Sometimes I meet poems which don't fit in with my idea of what a good poem should be, but I like them nonetheless. It's a funny world ...

Richard Wakefield 01-16-2002 08:26 AM

Tim: I didn't follow the controversy over at Metrical Poetry, so in commenting here I may be provoking all kinds of unexpected antagonisms. So be it.
The whole issue of intentionality is vexed. Mostly, we have no way of knowing for sure what anyone means by anything. For that matter, we have no way of knowing whether other people even exist -- for sure. I also wonder why I should believe a writer's vaguely articulate claims about a poem rather than the poem itself. That is, if a writer claims that I misunderstood her poem, why should I assume she is any more able to articulate her meaning spontaneously than she was in verse? I often don't know why I do or say things, and I suspect other folks are pretty much the same way. Sometimes we're pretty good at inventing reasons post hoc, though.
But look, our purpose on these boards is to move one another forward. Talk back to a poem, and see what the writer says in response to what you said. People of good intentions will tend to converge, not necessarily in their tastes but in their understanding of one another. We can hope so, at least. If I "misread" a poem, you may well have "miswritten." Or you may have written differently, maybe better. Or maybe I just didn't explain my response very well.
It has to be a conversation. Even Criticsim, capital "C," has to be just one voice in a conversation of many voices. If we all agreed from the get-go, there'd be no "verse" in the conversation.
RPW

graywyvern 01-17-2002 02:56 PM

there are different kinds of excellence. the musical kind
("melopoeia") doesn't require intellectual understanding,
nor does the making of visual imagery ("phanopoeia"). ideally,
a poem should succeed on several levels.

i looked at the thread. seems to me what there is disagreement
about is rather, should some degree of semantic/metaphorical
looseness or "play" be considered out of bounds in this game we
like to think is an art?

and i can only answer: if it persuades me to read it again, no.
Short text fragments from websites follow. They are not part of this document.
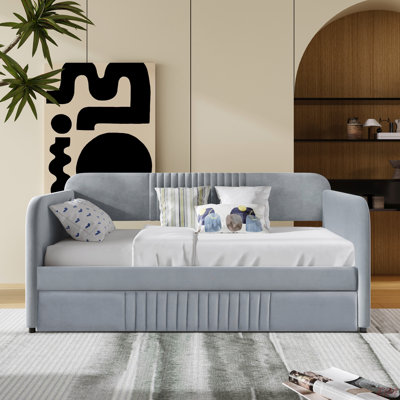 Upholstered Daybed Sofa Bed Twin Size With Trundle Bed And Wood Slat (Daybed)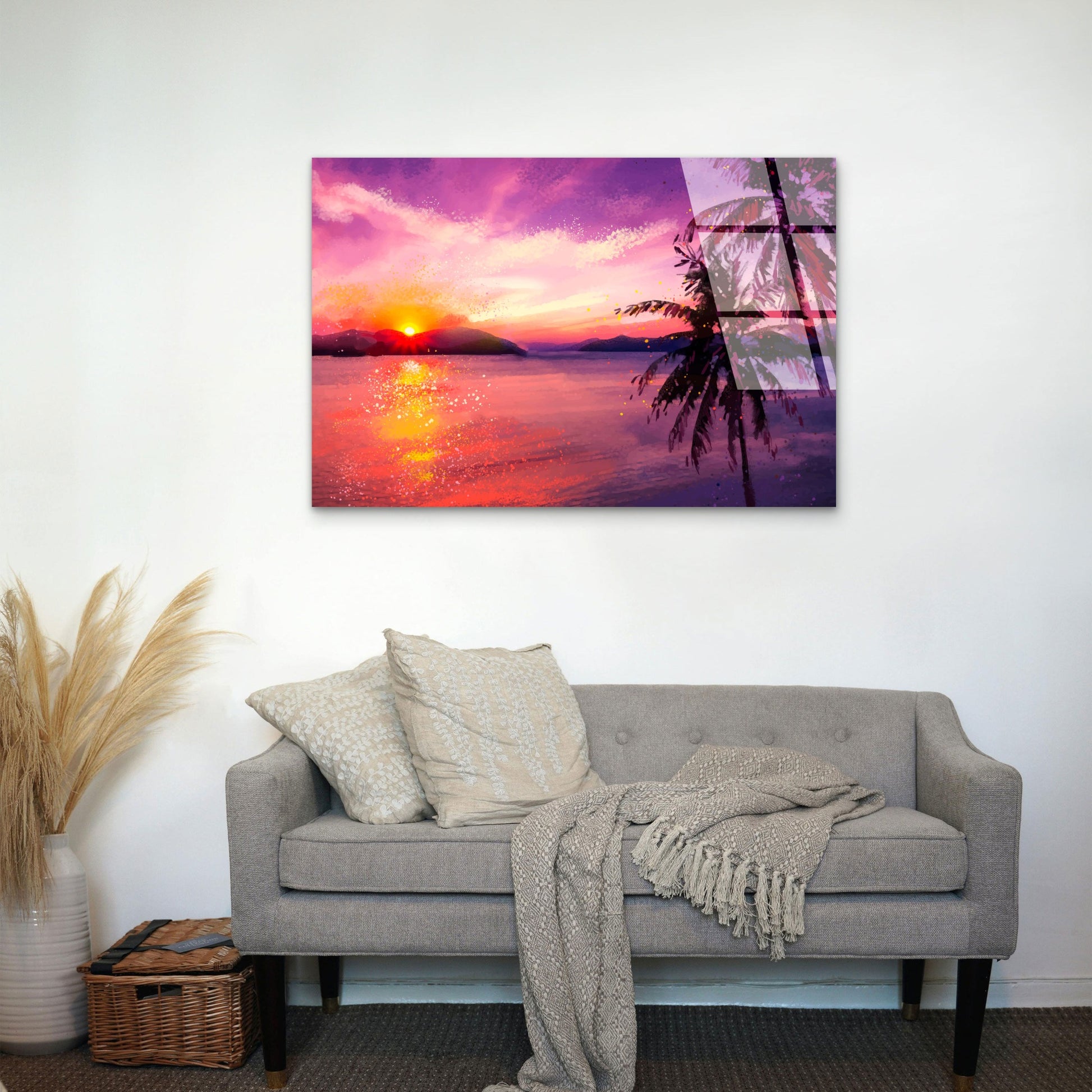 Abstract Tropical Purple Sunset Acrylic Glass Printing Wall Art Australian Made Quality
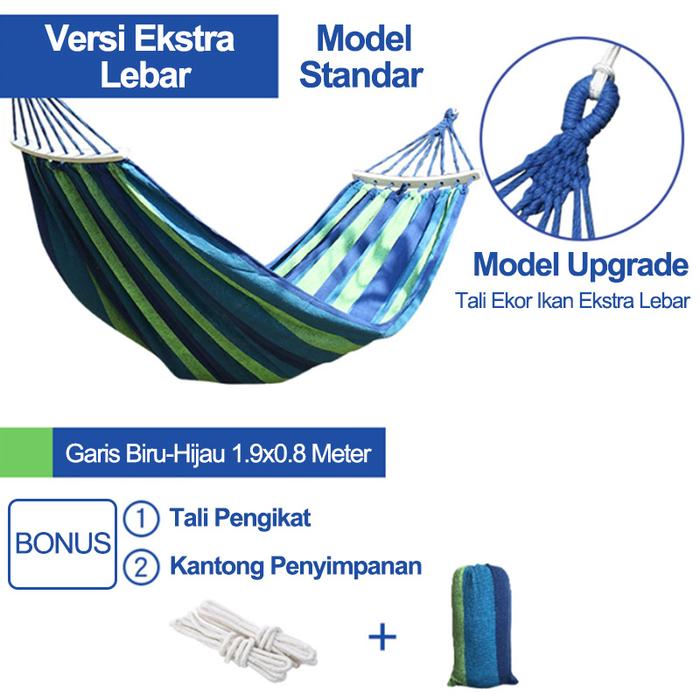 Gambar Ayunan tempat tidur gantung Colorful Kasur Gantung Hammock ayunan - 1.9*0.8M Biru dari JF Internasional undefined Tokopedia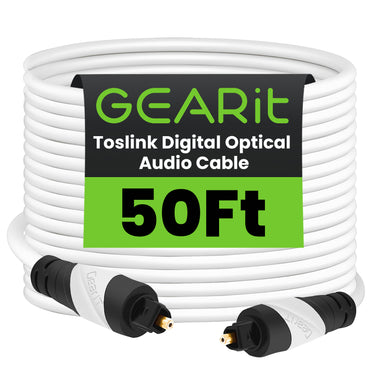 GEARit TOSLINK digital optical audio cable 50 ft white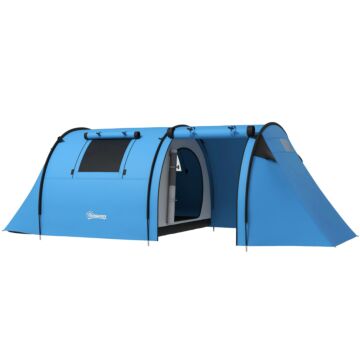 Outsunny 3000mm Waterproof Camping Tent, 3-4 Man Family Tent With Bedroom And Living Room, Portable With Bag, Sky Blue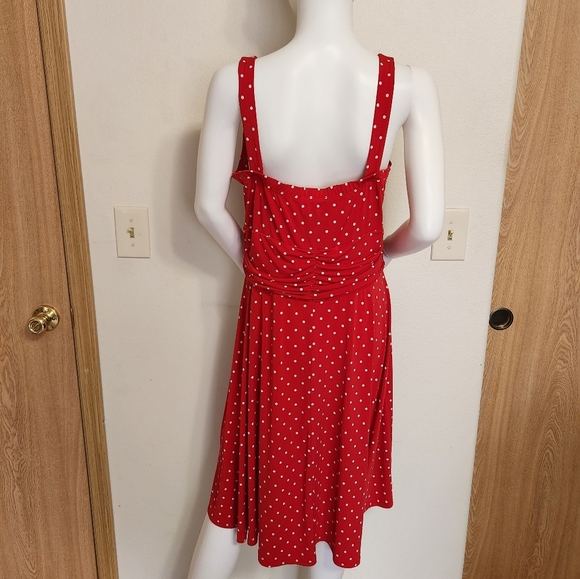 Red R&K polka dot sleeveless dress size 14 - Picture 7 of 11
but the world contains critics who, as in the Sufi parable, if
you point out the moon to them, will only look at your finger.

such people miss many beauties; perhaps the most important
ones.



[This message has been edited by graywyvern (edited January 17, 2002).]

Nigel Holt 01-17-2002 04:32 PM

But why do they look at the finger? Perhaps the immediate has a greater mystery than the distant, despite its familiarity - and is just as incomprehensible?

Looking at the finger does have its attractions - it all depends on why you do it - that's not to say that most finger-gazers don't know their arse from their elbow.

N

Alder Ellis 01-17-2002 05:43 PM

Strictly speaking, it seems absurd to pretend to appreciate something which you don't understand, unless a very limited definition of "appreciate" is applied. But I think it is possible to have a legitimate aesthetic appreciation of poetry without being able to explicate its meaning, as would be the case with Empson enjoying but "not having a clue about" Dylan Thomas. There is indeed a certain irony in the fact the Empson, one of the arch-angels of New Critical close reading, would express this, but the very fact that he had studied the whole matter of explicable meaning so exhaustively (and, no doubt, with extraordinary intelligence) adds weight to his testimony.

So how can you appreciate something without being able to say what it means? This would entail a kind of tacit, non-explicit understanding. This partly involves the non-intellectual aspects graywyvern refers to, but intellectual aspects too.

One of the hallmarks of modernist poetry is that it tends to resist interpretation. "It must be difficult," I think Harold Bloom says somewhere (but he also endorses Wallace Stevens: "It must give pleasure.") And it is no coincidence that the impulse to elude interpretation coincided, historically, with the monstrous growth of the critical faculty that more or less set out to conquer poetry & reduce it to explicable meanings.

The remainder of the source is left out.